History and Business Directory of Humboldt County [Calif.]
Author: Lillie E. Hamm
Publisher:
Published: 1890
Total Pages: 244
ISBN-13:
DOWNLOAD EBOOKRead and Download eBook Full
Author: Lillie E. Hamm
Publisher:
Published: 1890
Total Pages: 244
ISBN-13:
DOWNLOAD EBOOKAuthor:
Publisher:
Published: 1890
Total Pages: 238
ISBN-13:
DOWNLOAD EBOOKAuthor: California State Library
Publisher:
Published: 1898
Total Pages: 1000
ISBN-13:
DOWNLOAD EBOOKAuthor: Anthony Jennings Bledsoe
Publisher: BoD – Books on Demand
Published: 2024-04-28
Total Pages: 182
ISBN-13: 3385436893
DOWNLOAD EBOOKReprint of the original, first published in 1881.
Author: California State Library
Publisher:
Published: 1898
Total Pages: 998
ISBN-13:
DOWNLOAD EBOOKAuthor: Lillie E. Hamm
Publisher:
Published: 1890
Total Pages: 224
ISBN-13:
DOWNLOAD EBOOKAuthor: California State Library
Publisher:
Published: 1898
Total Pages: 1014
ISBN-13:
DOWNLOAD EBOOKAuthor: Erwin G. Gudde
Publisher: Univ of California Press
Published: 1998
Total Pages: 496
ISBN-13: 0520266196
DOWNLOAD EBOOKThis anniversary edition concentrates on the origins of the names currently used for the cities, towns, settlements, mountains, and streams of California, with engrossing accounts of the history of their usage. The dictionary includes a glossary and a bibliography.
Author: Lillie E Hamm
Publisher: Sagwan Press
Published: 2015-08-21
Total Pages: 226
ISBN-13: 9781296879358
DOWNLOAD EBOOKThis work has been selected by scholars as being culturally important, and is part of the knowledge base of civilization as we know it. This work was reproduced from the original artifact, and remains as true to the original work as possible. Therefore, you will see the original copyright references, library stamps (as most of these works have been housed in our most important libraries around the world), and other notations in the work. This work is in the public domain in the United States of America, and possibly other nations. Within the United States, you may freely copy and distribute this work, as no entity (individual or corporate) has a copyright on the body of the work.As a reproduction of a historical artifact, this work may contain missing or blurred pages, poor pictures, errant marks, etc. Scholars believe, and we concur, that this work is important enough to be preserved, reproduced, and made generally available to the public. We appreciate your support of the preservation process, and thank you for being an important part of keeping this knowledge alive and relevant.
Author: Jared Farmer
Publisher: W. W. Norton & Company
Published: 2013-10-28
Total Pages: 624
ISBN-13: 0393241270
DOWNLOAD EBOOKFrom roots to canopy, a lush, verdant history of the making of California. California now has more trees than at any time since the late Pleistocene. This green landscape, however, is not the work of nature. It’s the work of history. In the years after the Gold Rush, American settlers remade the California landscape, harnessing nature to their vision of the good life. Horticulturists, boosters, and civic reformers began to "improve" the bare, brown countryside, planting millions of trees to create groves, wooded suburbs, and landscaped cities. They imported the blue-green eucalypts whose tangy fragrance was thought to cure malaria. They built the lucrative "Orange Empire" on the sweet juice and thick skin of the Washington navel, an industrial fruit. They lined their streets with graceful palms to announce that they were not in the Midwest anymore.
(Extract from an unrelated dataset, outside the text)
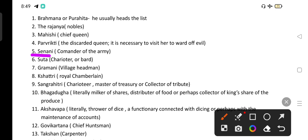Then the Kshatri, the royal chamberlain, and the Sangrahitri, the charioteer or master of the treasury and collector — this term also appears in examination questions. The Mahishi term was used in the Vedic period, and who it indicated has also been asked. Then the Bhaga-duha, literally the milker of shares, was the distributor of food and perhaps the collector of the king's share of the produce.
To the north the majestic coastal redwoods inspired awe and invited exploitation. A resource in the state, the durable heartwood of these timeless giants became infrastructure, transformed by the saw teeth of American enterprise. By 1900 timber firms owned the entire redwood forest; by 1950 they had clear-cut almost all of the old-growth trees. In time California’s new landscape proved to be no paradise: the eucalypts in the Berkeley hills exploded in fire; the orange groves near Riverside froze on cold nights; Los Angeles’s palms harbored rats and dropped heavy fronds on the streets below. Disease, infestation, and development all spelled decline for these nonnative evergreens. In the north, however, a new forest of second-growth redwood took root, nurtured by protective laws and sustainable harvesting. Today there are more California redwoods than there were a century ago. Rich in character and story, Trees in Paradise is a dazzling narrative that offers an insightful, new perspective on the history of the Golden State and the American West.